Sustaining Creative and Critical Communities

Wednesday, 10 October, 2018 - 19:30
Co-Up, Adalbertstr. 8
Language: 
Englisch

This evening looks into different models, experiences and utopias of organizing in network or collective structures, and of inspiring community building - all with a focus on artists, musicians, and people working in music. How can we build creative and critical ecosystems that are based on mutual support and working together? How can we shape and create our creative and critical spaces, structures and interactions - so that we all can thrive in them together in the longer term?

The discussion brings diverse community experiences together - from international digitally connected networks to locally organizing collectives. A focus will be the sustainability of community structures and processes. How to deal with issues that may lead to a break-up of community structures, like conflict, imbalanced responsibilities, draining decision making processes etc.? What are best practices, and what is unavoidable but worth the effort? How can people stay inspired, committed, interested? Does the size of a group matter? Who is in and who is out? How to deal with money, how with ownership? How to define individual/community success? What are experiences with legal and administrative structures in running a collective? What are different models of working in a network, collective or community and what can they achieve?

Music creates community, maybe more than any other artistic expression. The discussion will also take a look into supporting and empowering the communities that form as a result of our practice - like people that gather regularly for a party series or regular guests at a specific music venue. Music helps like minded people find each other IRL. And through this more can happen eventually than just this one party series - e.g. through the connections and conversations established, through people getting inspired to do their own activities (together). What are experiences with community building around music, and especially with a connected critical attitude?

“Creative” and “critical” are regarded closely together in this conversation, dealing with communities or collectives that share some political, social or cultural ideal as a foundation of their practice.

The event is organized in cooperation between Music Pool Berlin and Interflugs.

Participants:

Susanne Kirchmayr aka Electric Indigo works as musician, composer and DJ. She started her career 1989 in Vienna, lived in Berlin from 1993 to 1996, founded the database and network for women in electronic music and digital arts "female:pressure" in 1998 and has received several awards in Austria and Germany. Her debut album “5 1 1 5 9 3“ was released on Imbalance Computer Music in spring 2018.
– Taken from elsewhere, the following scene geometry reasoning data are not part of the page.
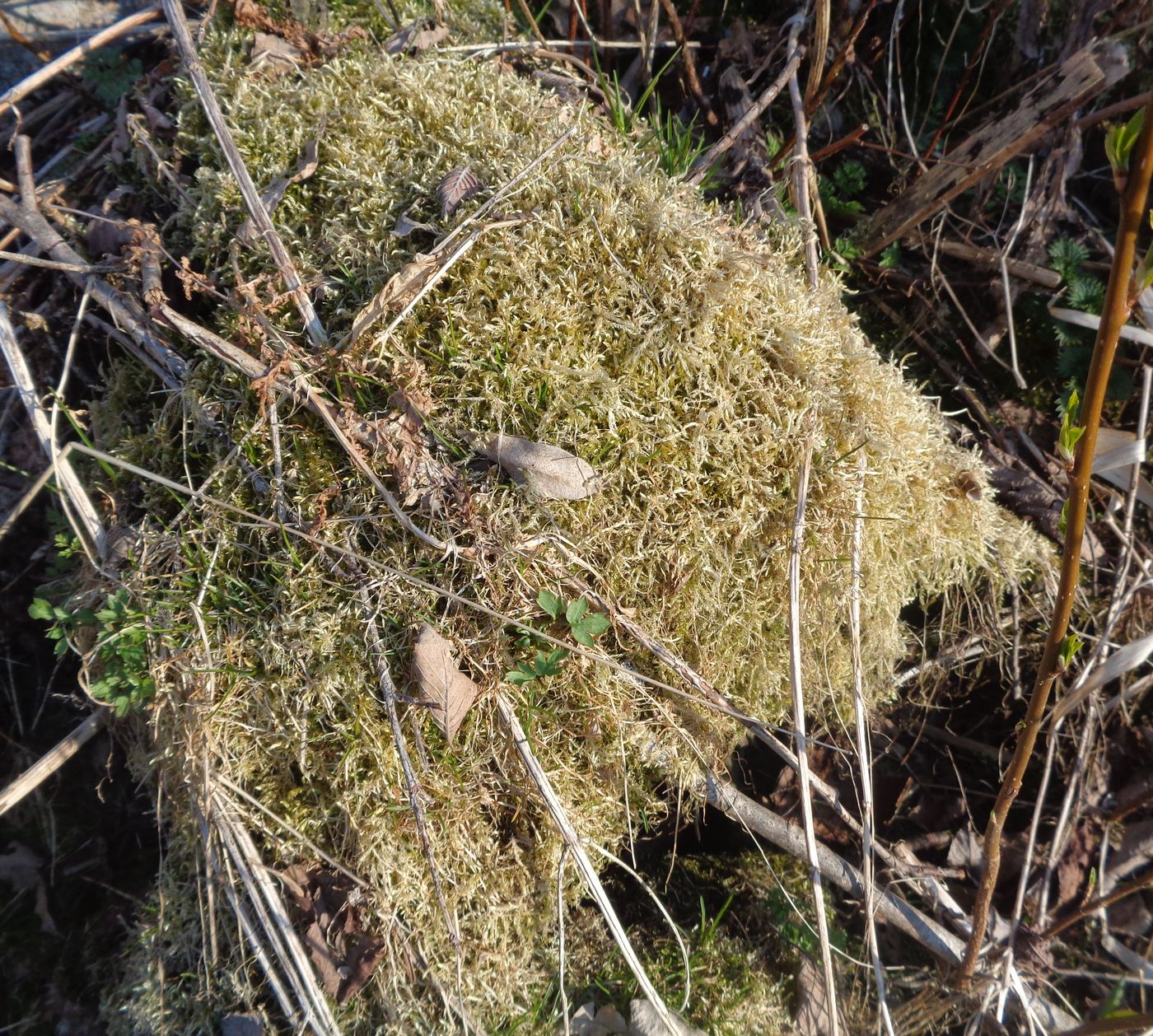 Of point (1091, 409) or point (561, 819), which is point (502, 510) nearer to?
point (561, 819)

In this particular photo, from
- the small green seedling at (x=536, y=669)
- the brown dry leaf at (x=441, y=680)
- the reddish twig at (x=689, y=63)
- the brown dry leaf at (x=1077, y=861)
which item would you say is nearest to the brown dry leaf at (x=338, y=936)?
the brown dry leaf at (x=441, y=680)

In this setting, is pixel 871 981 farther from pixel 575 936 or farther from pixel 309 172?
pixel 309 172

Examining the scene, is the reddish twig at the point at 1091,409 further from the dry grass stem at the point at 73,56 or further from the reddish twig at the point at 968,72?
the dry grass stem at the point at 73,56

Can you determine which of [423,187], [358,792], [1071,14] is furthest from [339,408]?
[1071,14]

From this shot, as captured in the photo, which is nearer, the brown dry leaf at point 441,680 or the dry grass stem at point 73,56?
the brown dry leaf at point 441,680

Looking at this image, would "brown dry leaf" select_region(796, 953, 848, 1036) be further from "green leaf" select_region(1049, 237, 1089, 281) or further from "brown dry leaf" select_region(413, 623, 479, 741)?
"green leaf" select_region(1049, 237, 1089, 281)

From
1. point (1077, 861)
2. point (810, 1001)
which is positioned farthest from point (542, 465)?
point (1077, 861) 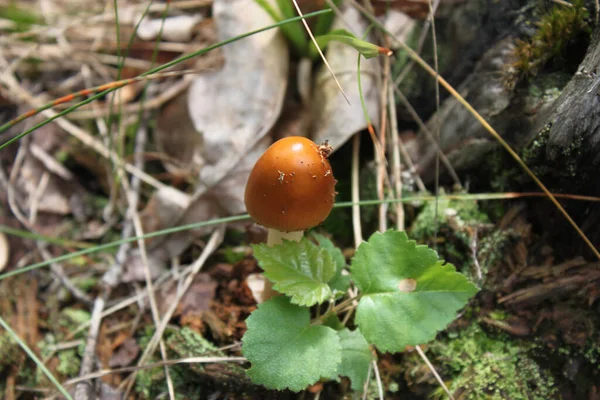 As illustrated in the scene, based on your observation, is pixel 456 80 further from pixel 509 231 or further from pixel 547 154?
pixel 509 231

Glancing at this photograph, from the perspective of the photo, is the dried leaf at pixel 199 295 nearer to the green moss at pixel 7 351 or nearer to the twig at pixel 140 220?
the twig at pixel 140 220

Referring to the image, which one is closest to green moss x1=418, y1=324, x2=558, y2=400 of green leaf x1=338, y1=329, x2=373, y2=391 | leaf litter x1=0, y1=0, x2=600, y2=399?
leaf litter x1=0, y1=0, x2=600, y2=399

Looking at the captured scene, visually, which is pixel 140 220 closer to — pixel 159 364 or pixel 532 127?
pixel 159 364

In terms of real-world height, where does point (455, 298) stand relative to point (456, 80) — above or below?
below

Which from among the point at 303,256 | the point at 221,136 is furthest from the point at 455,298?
the point at 221,136

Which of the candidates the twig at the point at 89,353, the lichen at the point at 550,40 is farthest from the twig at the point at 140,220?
the lichen at the point at 550,40
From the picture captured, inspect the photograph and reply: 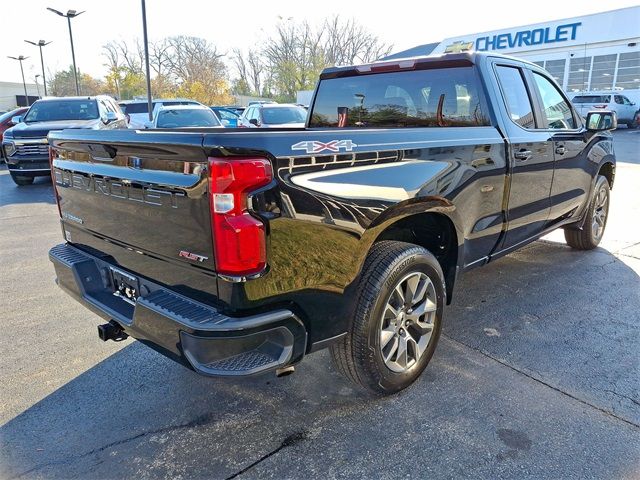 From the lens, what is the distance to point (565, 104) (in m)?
4.72

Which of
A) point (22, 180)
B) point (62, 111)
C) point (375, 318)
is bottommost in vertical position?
point (22, 180)

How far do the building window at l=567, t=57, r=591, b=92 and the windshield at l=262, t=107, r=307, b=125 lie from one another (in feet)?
89.3

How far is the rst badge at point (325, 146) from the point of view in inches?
82.7

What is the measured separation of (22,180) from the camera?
10.9 m

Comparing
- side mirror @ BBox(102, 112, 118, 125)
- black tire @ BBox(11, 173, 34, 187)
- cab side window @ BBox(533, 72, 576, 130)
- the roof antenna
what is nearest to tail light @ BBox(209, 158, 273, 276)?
the roof antenna

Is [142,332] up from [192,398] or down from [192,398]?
up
Ari Robey-Lawrence aka The Neighbourhood Character is a Berlin-based producer and  selector who hosts a monthly show at Berlin Community Radio. Her Ph.D research, Shaking Habits (Goldsmiths UK), aims to enumerate strategies implemented by marginalised electronic musicians and performers who incorporate multicultural politics and praxes of difference into their creative persona(s), or into their unique approach(es) toward working in the dance music industry. Ari has recently spearheaded the establishment of the wood // work collective, an intersectional and non-binary / queer collective conceived with the purpose to create alternative avenues for socio-cultural mobility, professional self-empowerment, and transnational interchange in creative industries. Since 2014, Ari acts as a core co-organiser and a resident DJ at Raumweiterungshalle.

İpek İpekçioğlu aka DJ Ipek is a Berlin/Istanbul based DJ, producer and curator. Her work focuses on women-, migration-, queer and gender-related issues in contemporary and daily socio-political levels. DJ Ipek has performed in reputational electronic music festivals and has participated in a variety intercultural acts around the globe. In 2017, she has curated disPlaced – rePlaced: Cultural Transition of Istanbul and Berlin at Radialsystem, Berlin.

Daniela Seitz is a researcher, curator, DJ and cultural manager who makes things happen. As director and co-founder of Creamcake — a platform dedicated to exploring the impact of the Internet on music at the intersection of art and technology - Seitz creates new spaces for action and reflection. Approaching digital change with a fundamental openness and flexibility, she initiates and organizes concerts, performances, workshops, lectures, digital projects, and exhibitions. These include political event series Europool, experimental conference '<Interrupted = “Cyfem and Queer>', and an annual “new hybrid” festival called 3hd. Cooperating with a number of institutions, Creamcake is positioned as an open and queer organization, presenting visionary, experimental and non-conformist sounds from the outset. 

LINNÉA - Born in Sweden and currently based in Berlin, Linnéa Palmestål is a resident DJ at the popular TRADE party at OHM, as well as the main teacher and co-founder of the No Shade mentoring and training program for female, trans and non-binary beginner DJ’s - that is slowly growing into a collective. LINNÉA’s energizing, au-courant sets span glossy trap, futuristic grime, R&B, neo-reggaeton and other hybrid styles that challenge the Euro step/touch hegemony. LINNÉA’s first EP is currently in the works and a release is to be expected in 2018.